Different kinds of people use social media in different ways. Some recent research has shown that those who are confident and outgoing tend not to be as taken with social media. Even when they actively use it, they prefer communicating in ways that are more complex, like the telephone or face-to-face conversations. For them, social media is a way to enhance relationships they’ve developed in person; or to expand from a solid base of developed friendships.
By contrast, insecure people tend to prefer social media to richer forms of communication. For them, email provides a sense of safety from the anxiety they feel in face-to-face interactions. Whether their difficulty is based in poor social skills or social anxiety (despite having good social skills), they avoid discomfort by using less direct forms of communication. And, the more they avoid social situations, the more likely they will be to continue to avoid them. Thus, they have fewer complex and deeply connected social interactions — experiences that cannot occur solely through social media. As a result, they tend to feel lonely.

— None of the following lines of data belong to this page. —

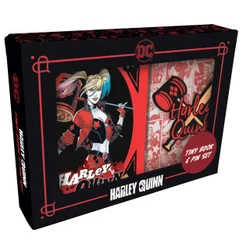 DC COMICS HARLEY QUINN TINY BK & PIN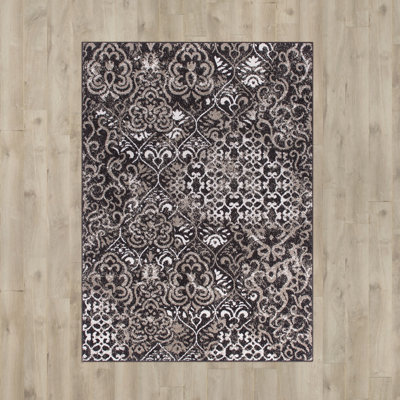 Tapis noir/gris area Horsham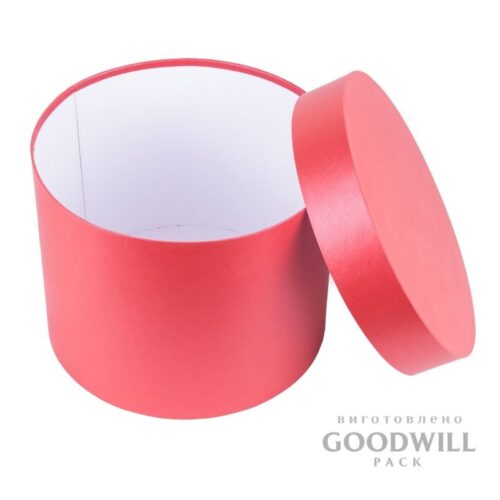 Фото кругла картонна коробка для паски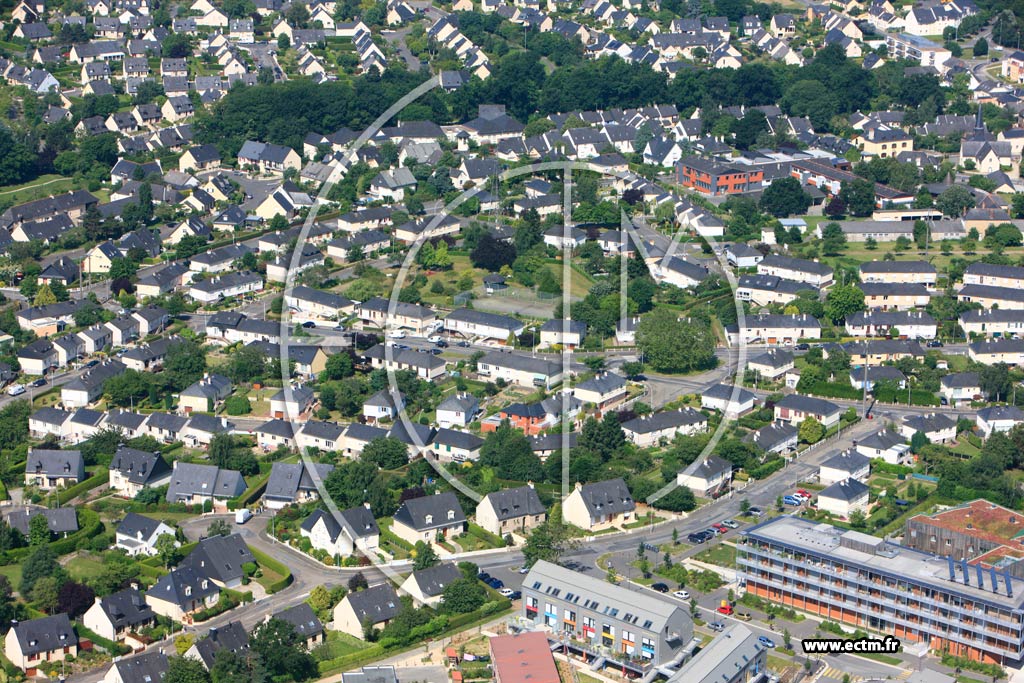 Photo arienne de Vezin-le-Coquet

The best way for them to cope with this loneliness is to gently face the problem. Those with poor social skills must work on the skills needed for direct interactions. They can get training from an individual therapist, a social skills therapy group, or a self-help book (though improvement, of course, still requires live practice). Those who have good social skills, but are still highly anxious, need to practice slowly increasing the richness of the ways they communicate. They might be able to do this on their own, but also might need the help of a professional. In both cases, as people become more adept and comfortable in social situations, they will also begin to feel more connected — less lonely.
Like so many other things, social media is not a problem by itself. It’s just a tool. By using social media as an adjunct to relationships developed through direct, personal interactions, it can be wonderfully helpful and engaging.